Brief descriptive captions
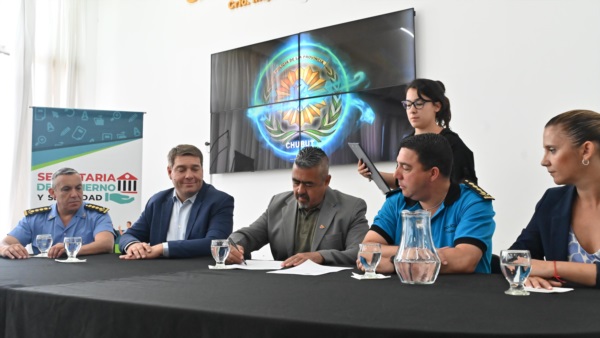 Iturrrioz y Biss junto a la cúpula policial firmando el convenio.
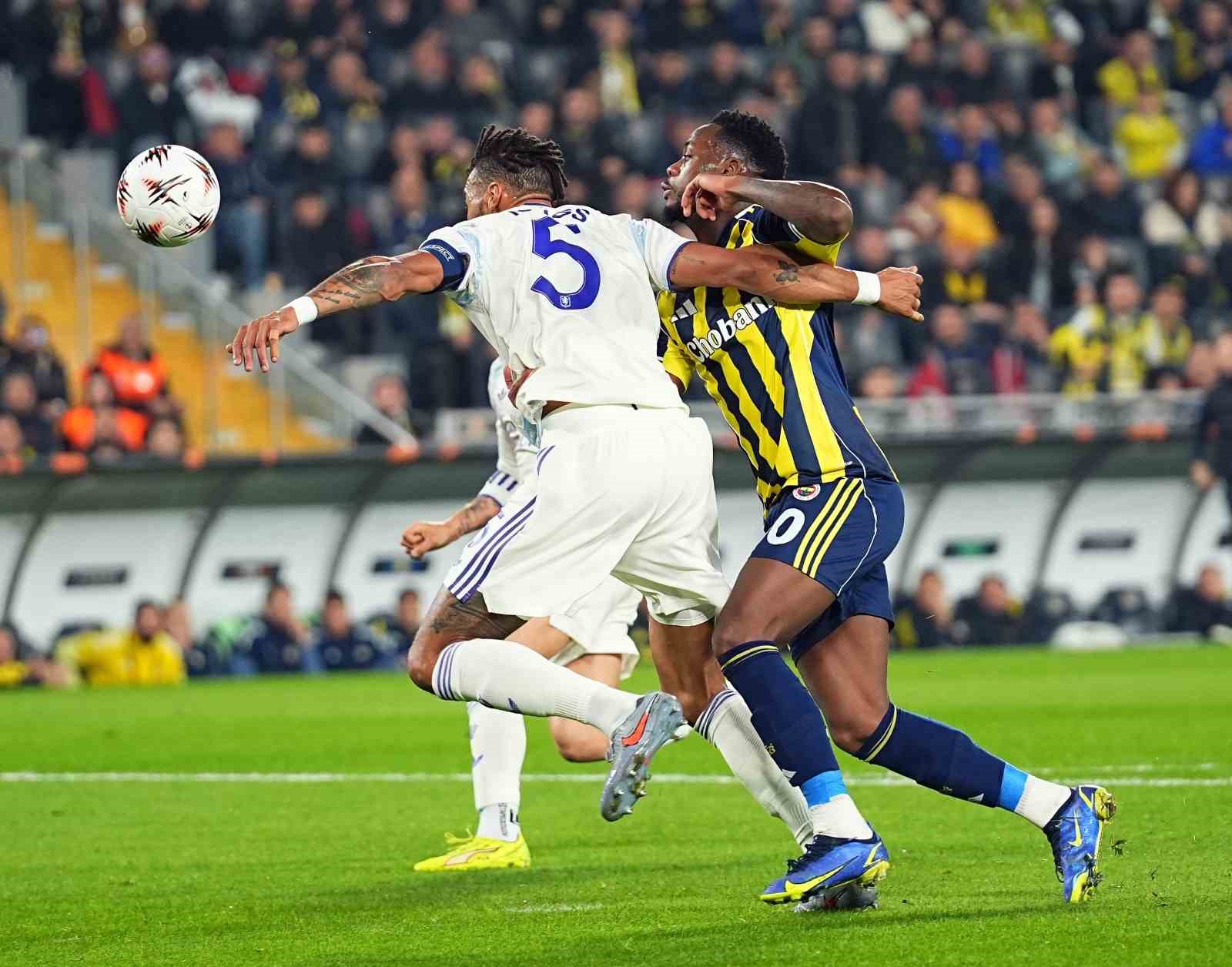 UEFA Avrupa Ligi: Fenerbahçe: 0 - Aston Villa: 1 (İlk yarı)
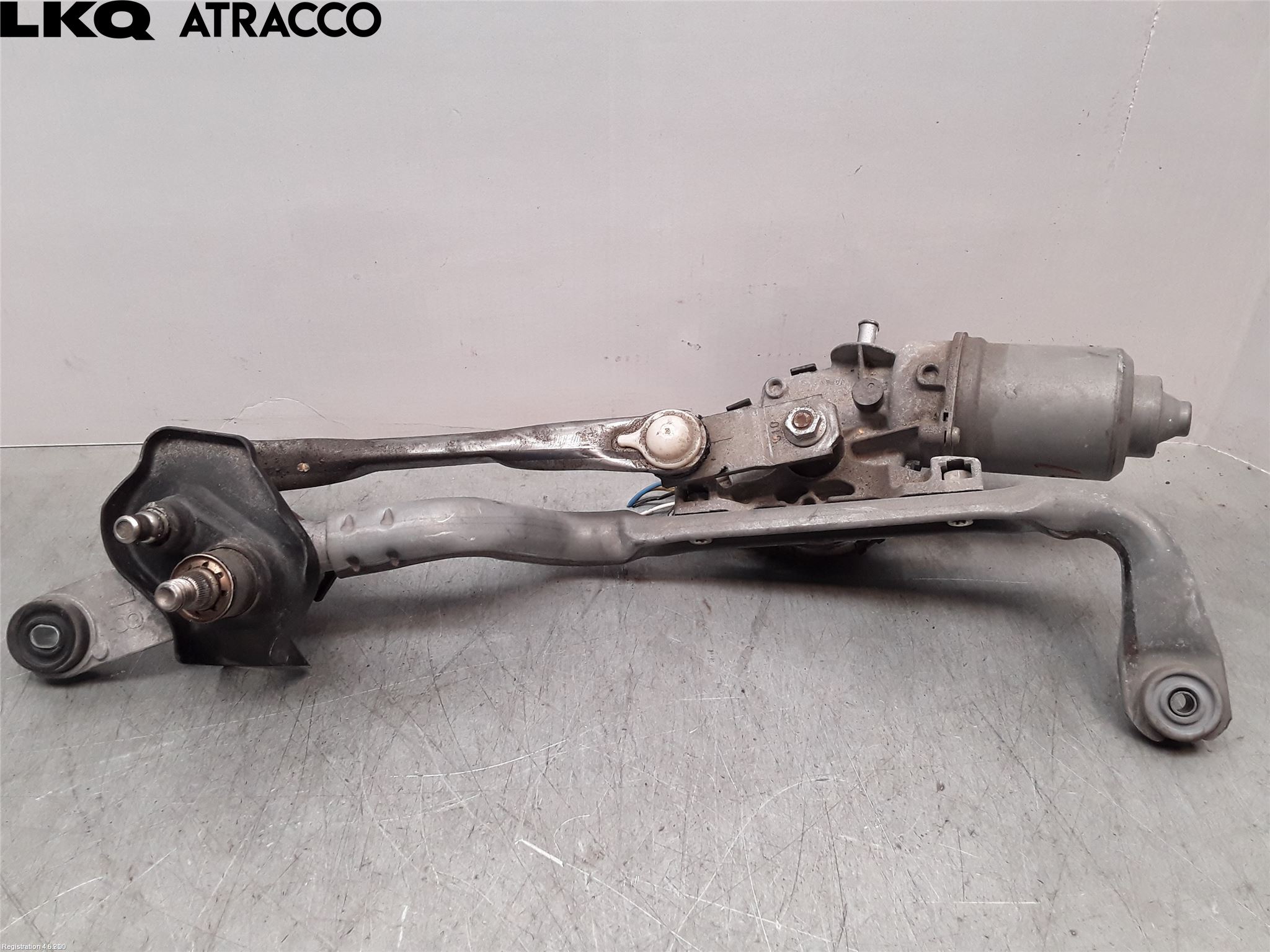 Toyota YARIS XP130 12-14 Viskermotor Frontrute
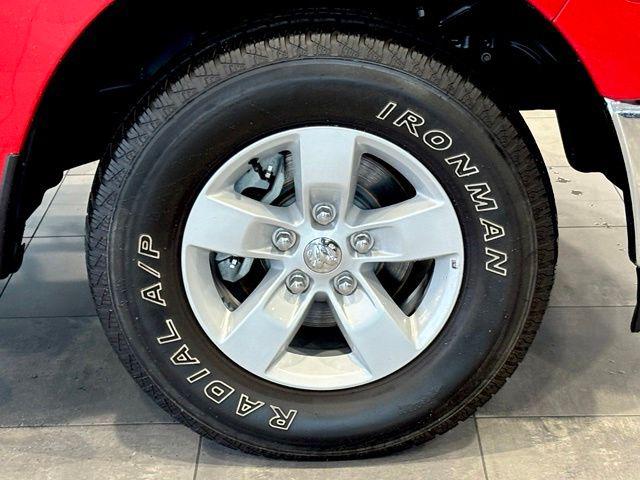 2022 Ram 1500 Classic SLT Crew Cab 4x4 57 Box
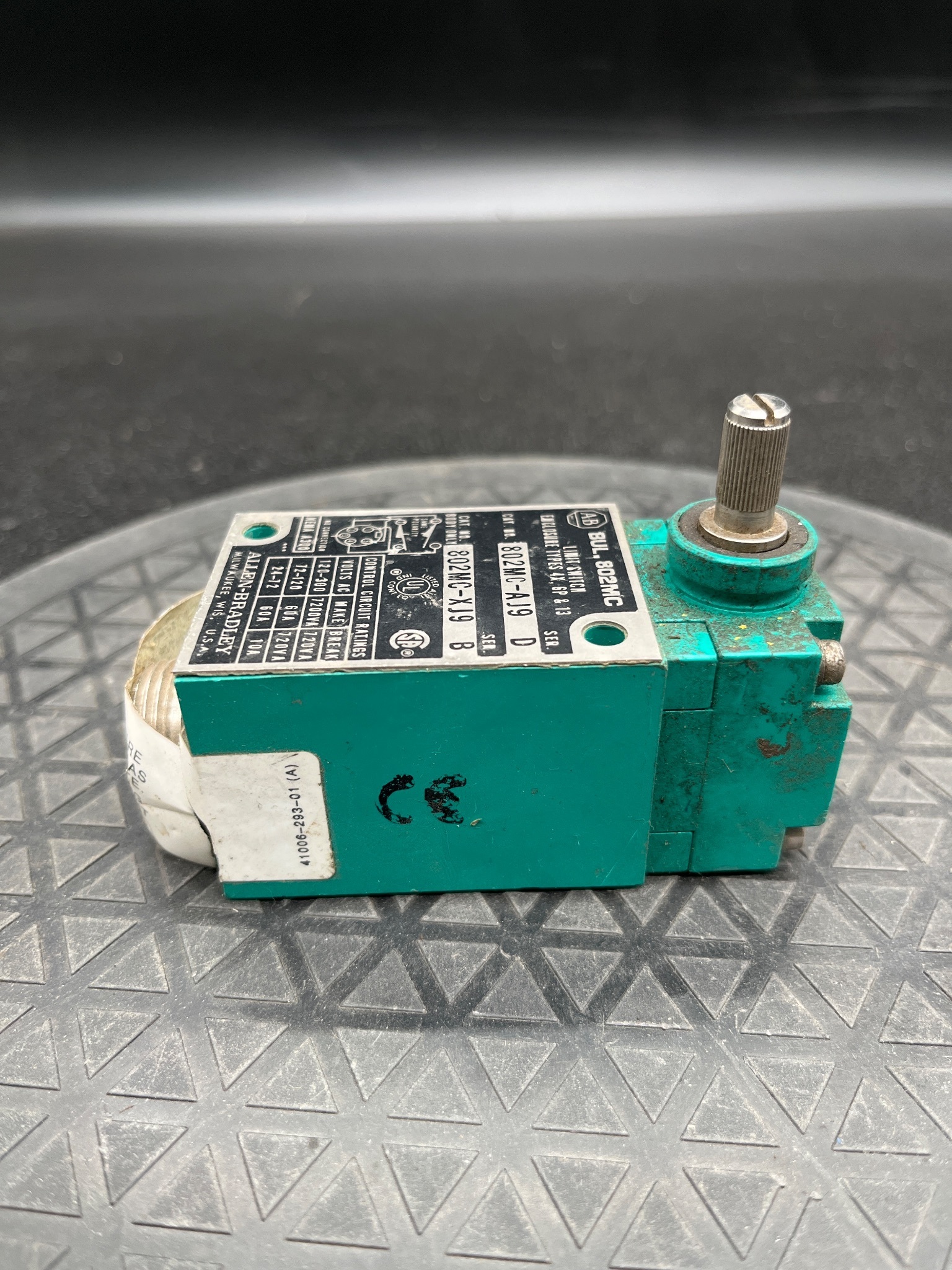 ALLEN‑BRADLEY 802MC‑AX Limit Switch USED 1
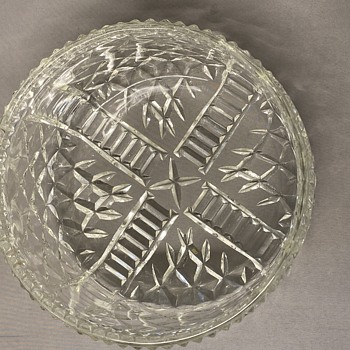 Large vintage fruit Bowl - Glassware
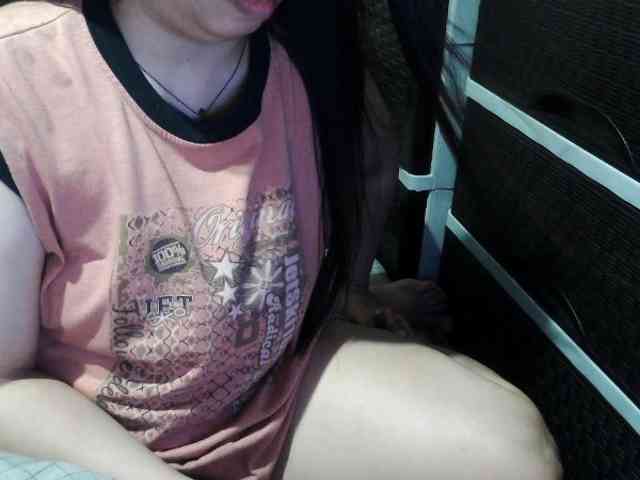 Cassiee webcam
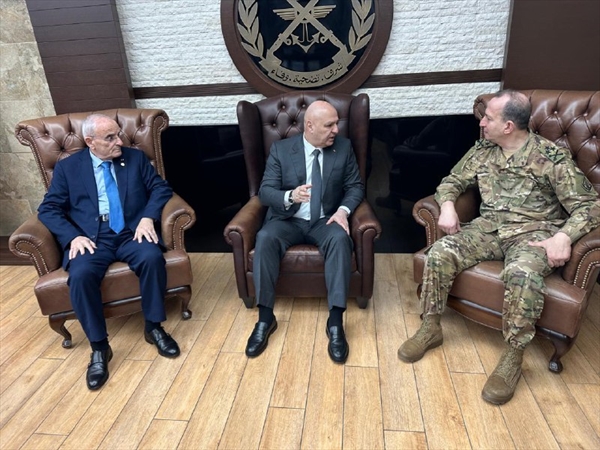 جولة عسكرية للرئيس عون: كونوا يداً واحدة وقلباً واحداً.. وارفضوا أي ضغط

* _Your task_
Every entry should come back exactly as written, only without images.

* _Finished task_
 Iturrrioz y Biss junto a la cúpula policial firmando el convenio.
 UEFA Avrupa Ligi: Fenerbahçe: 0 - Aston Villa: 1 (İlk yarı)
 Toyota YARIS XP130 12-14 Viskermotor Frontrute
 2022 Ram 1500 Classic SLT Crew Cab 4x4 57 Box
 ALLEN‑BRADLEY 802MC‑AX Limit Switch USED 1
 Large vintage fruit Bowl - Glassware
 Cassiee webcam
 جولة عسكرية للرئيس عون: كونوا يداً واحدة وقلباً واحداً.. وارفضوا أي ضغط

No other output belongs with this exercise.